And still struggling

I think of the teaching award that I won last spring, and I think the universe must be laughing right now to see me struggle with my graduate class.

Homework is due at noon. Homework is due at noon because a few weeks ago, when homework was due at midnight, I had a student demand that I make time help him that afternoon. I didn’t have office hours scheduled, and I did have several other things that I had to do. I was angry enough to let my anger show. That’s not a productive situation.

One student has been having a hard time getting his homework in on time; even with a midnight deadline, things would come in at 3 am. I warned him in a comment on his last assignment that this should not continue. Guess who has his computer open in class today? “What are you doing with the computer?” I asked. “Working on my homework,” he replied. “No you aren’t. You need to pay attention in class. Put it away,” I said. He did (fortunately). I turned back to my lesson and got a few more sentences out. Then I sat down to talk about what just happened. And the related issue that none of my four students takes notes in class, and there have been several times when they missed something done in class that was relevant to homework or exam material. I don’t think I won that battle.

After class guess who asked for an extension on the homework. My short answer was “NO.” “Do you know why the answer is no?” The student looked puzzled. “Two reasons. One, there is a late policy for this class, which requires you to ask 12 hours ahead of the due date for an extension. You didn’t follow it. Two, you were just very disrespectful in class. And that adds up to a NO.”

And there I am. I know I need to do something to change things, one of which is to start expecting things like this to happen so that they don’t rankle me as much. I also have to figure out how to reeducate this group. I never expected to have to go through this with a graduate class; that’s certainly one of the challenges — I am fighting my own frame of reference as well as dealing with the behavior.

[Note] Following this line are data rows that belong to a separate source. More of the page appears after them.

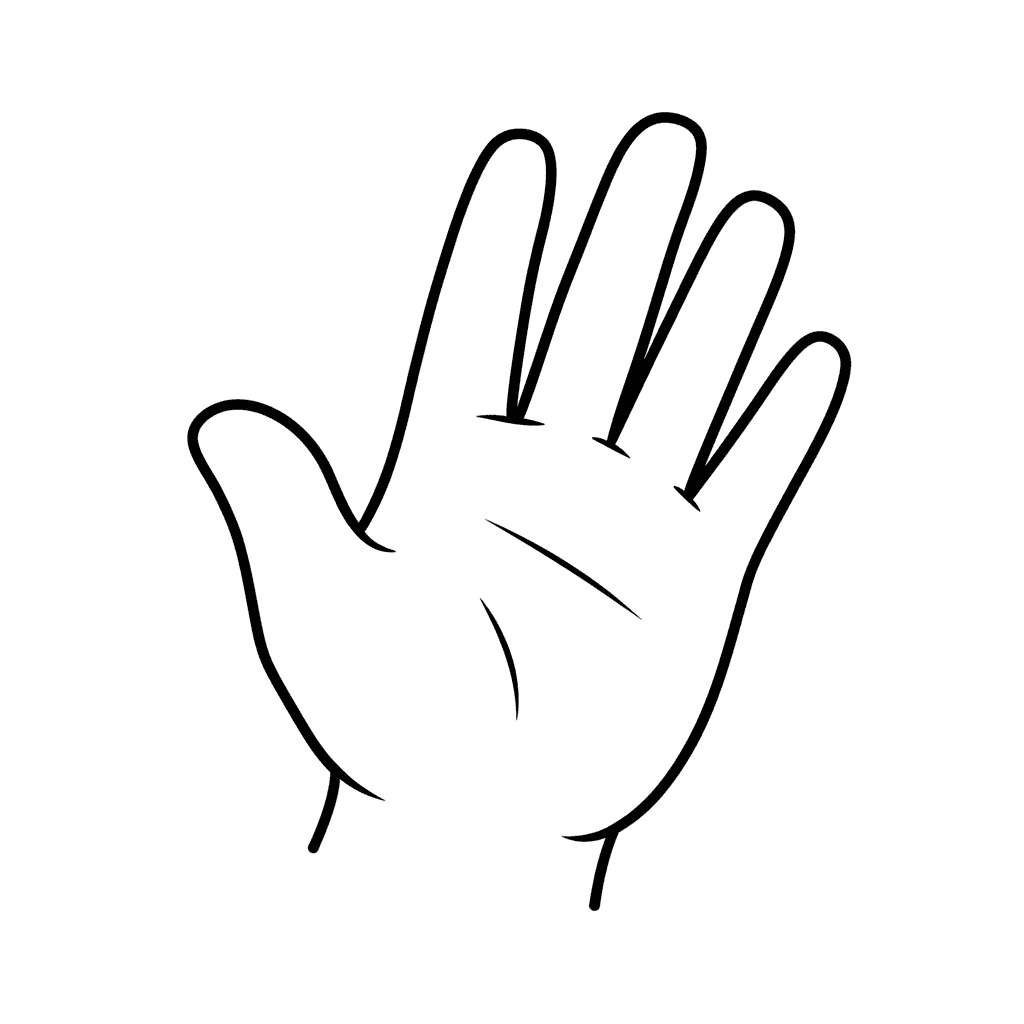 Zeichne mir ein leeres hand zum henna malen ohne striche ganz glatt und cartoon 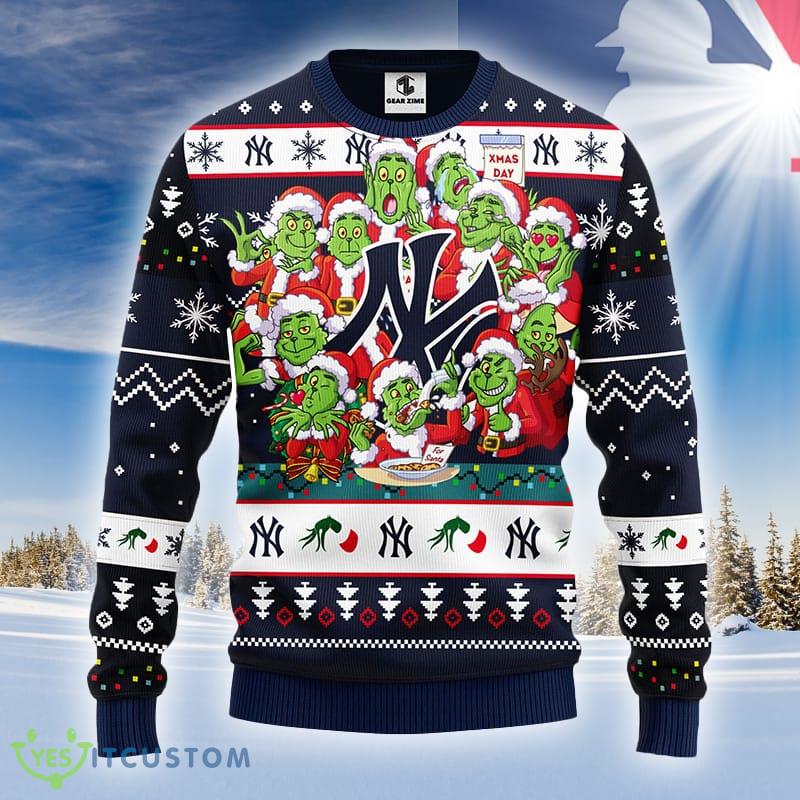 MLB Logo New York Yankees 12 Grinch Xmas Day Ugly Christmas Sweater Gift For Fans - MLB New York Yankees 12 Grinch Xmas Day Ugly Christmas Sweater_1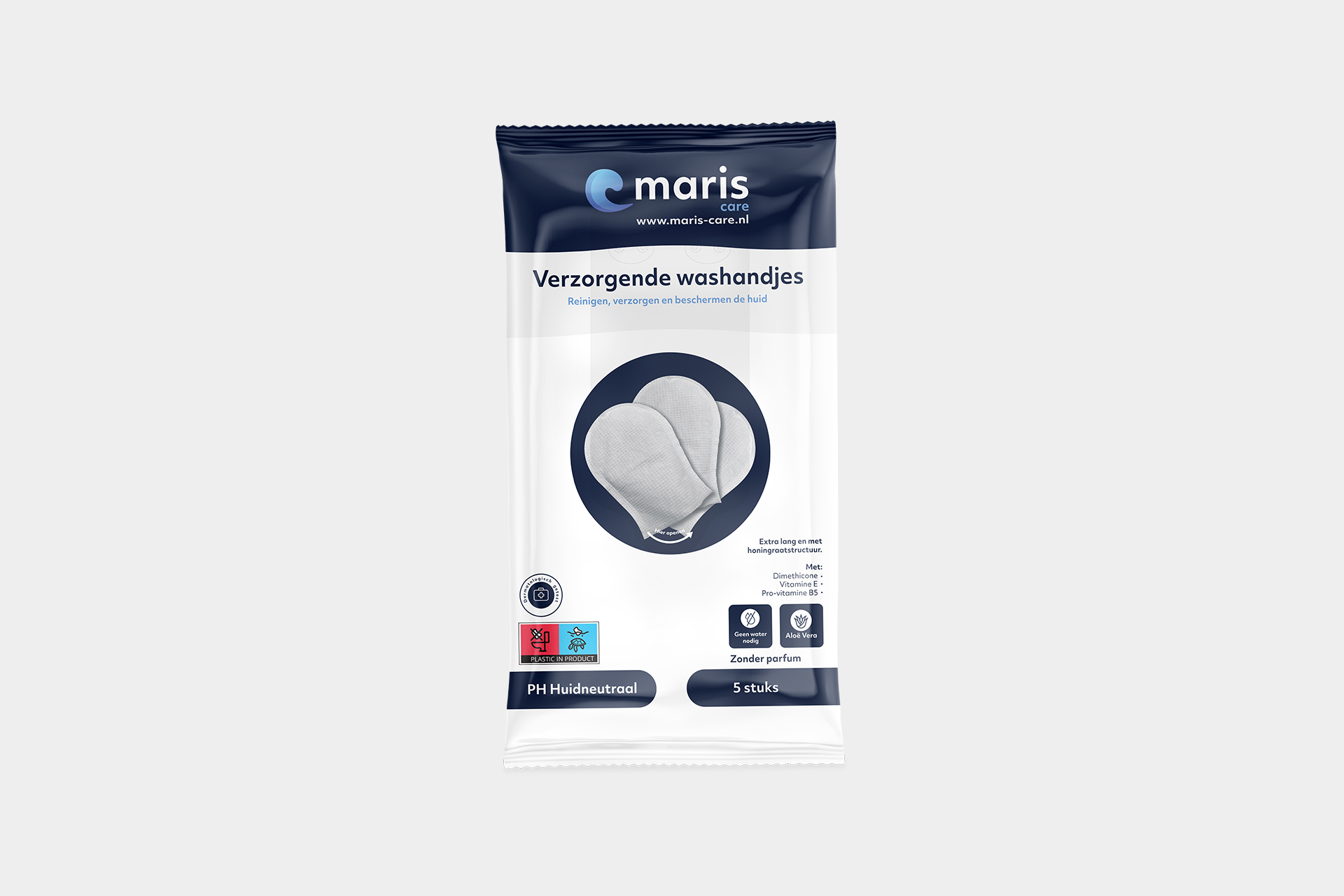 Vochtige washandjes zonder parfum (per 5 verpakt)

When I am geocaching and can’t find a cache, it is often because I am functionally fixed on how I think the cache should be hidden. This causes me to be blind to however it actually is hidden. When I am in that state, I know I need to think differently, but the problem is, I don’t know how. Sometimes it takes several trips back to a place before I have the insight. Sometimes I’ve had to get some help from someone else to show me the hiding spot to break me out of the fixed thinking patterns. I feel like that is exactly where I am at with this class right now.